== Problem requirements ==
For this exercise, return exactly the lines of the material below that begin at the one with "Dior Lady Medium" and stop after the one with "JAROWN Simulation Succulent".

== Information supplied ==
::::::::

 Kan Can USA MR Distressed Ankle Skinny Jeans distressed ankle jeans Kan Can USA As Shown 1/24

::::::::

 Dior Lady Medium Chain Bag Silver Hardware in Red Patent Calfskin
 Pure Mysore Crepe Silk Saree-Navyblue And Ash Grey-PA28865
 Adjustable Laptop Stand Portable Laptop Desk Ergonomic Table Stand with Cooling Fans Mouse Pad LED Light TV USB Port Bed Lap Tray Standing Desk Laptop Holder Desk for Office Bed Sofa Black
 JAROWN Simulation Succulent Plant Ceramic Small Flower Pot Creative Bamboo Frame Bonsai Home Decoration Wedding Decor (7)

::::::::

== Answer for this exercise ==
 Dior Lady Medium Chain Bag Silver Hardware in Red Patent Calfskin
 Pure Mysore Crepe Silk Saree-Navyblue And Ash Grey-PA28865
 Adjustable Laptop Stand Portable Laptop Desk Ergonomic Table Stand with Cooling Fans Mouse Pad LED Light TV USB Port Bed Lap Tray Standing Desk Laptop Holder Desk for Office Bed Sofa Black
 JAROWN Simulation Succulent Plant Ceramic Small Flower Pot Creative Bamboo Frame Bonsai Home Decoration Wedding Decor (7)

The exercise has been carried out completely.